Well, this guy's experience aside, I'm not sure if the net is totally to blame. I remember being a young adult without the internet (I was a late adopter) and while I spent my teens plowing through one big book after another, sometime in my early twenties it seemed like it was getting harder to stick with a book. When I was 17 I could read stuff slow, sprawly like Moby Dick and Dante's Inferno, but by 25 or so it was a lot harder to stay engaged with things like that. Weirdly, it's easier to read non-fiction than novels now. I've heard other people talk about how they can't focus on prose fiction the way they could were when they younger. When you get adults talking about what they read recently, a lot of them will say they've been reading biographies and other non-fiction, and they haven't read a novel in years.

For a lot of people, prose fiction seems to become less compelling as they get older. I'm not saying this is true for everyone, and I can't explain why it would be so... but it is something I've observed.
posted by Ursula Hitler at 7:06 PM on May 1, 2013 [4 favorites]
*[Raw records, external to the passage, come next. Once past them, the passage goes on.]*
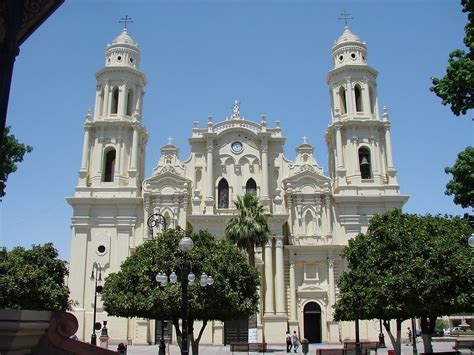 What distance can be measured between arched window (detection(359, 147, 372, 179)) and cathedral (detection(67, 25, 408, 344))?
0.33 ft

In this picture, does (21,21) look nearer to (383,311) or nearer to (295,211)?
(383,311)

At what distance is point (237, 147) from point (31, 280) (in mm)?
22683

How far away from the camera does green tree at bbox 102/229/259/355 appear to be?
2545 cm

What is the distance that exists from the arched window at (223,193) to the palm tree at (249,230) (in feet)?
32.5

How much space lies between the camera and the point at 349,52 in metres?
51.2

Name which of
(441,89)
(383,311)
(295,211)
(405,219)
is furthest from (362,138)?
(441,89)

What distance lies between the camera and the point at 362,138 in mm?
48500

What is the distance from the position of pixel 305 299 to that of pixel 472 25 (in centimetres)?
3025

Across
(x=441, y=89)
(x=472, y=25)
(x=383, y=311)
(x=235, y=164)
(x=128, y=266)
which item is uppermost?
(x=235, y=164)

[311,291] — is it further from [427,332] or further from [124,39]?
[124,39]

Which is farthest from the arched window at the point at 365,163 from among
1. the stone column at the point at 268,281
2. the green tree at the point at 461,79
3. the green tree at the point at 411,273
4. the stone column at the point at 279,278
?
the green tree at the point at 461,79

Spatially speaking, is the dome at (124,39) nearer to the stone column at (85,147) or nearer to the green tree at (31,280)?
the stone column at (85,147)

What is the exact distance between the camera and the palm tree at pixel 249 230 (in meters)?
35.4

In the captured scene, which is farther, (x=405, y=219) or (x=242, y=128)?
(x=242, y=128)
"Yes, my pretties. Go back to sleep. Everything you need is here. There is nothing else. Shhh, shh. The foolish man tried and failed. He failed. There is nothing outside. All is well. Sleep now."
- The Internet
posted by overeducated_alligator at 7:06 PM on May 1, 2013 [4 favorites]


When did 27 become so young?
posted by Catch at 7:11 PM on May 1, 2013 [5 favorites]


I made a choice a while back to get rid of my cell phone. I realized I was paying $80 a month for a smart phone/constant internet access and all I did when I went somewhere was take picture (rather than enjoying it in real time) and Google things about whatever I was doing.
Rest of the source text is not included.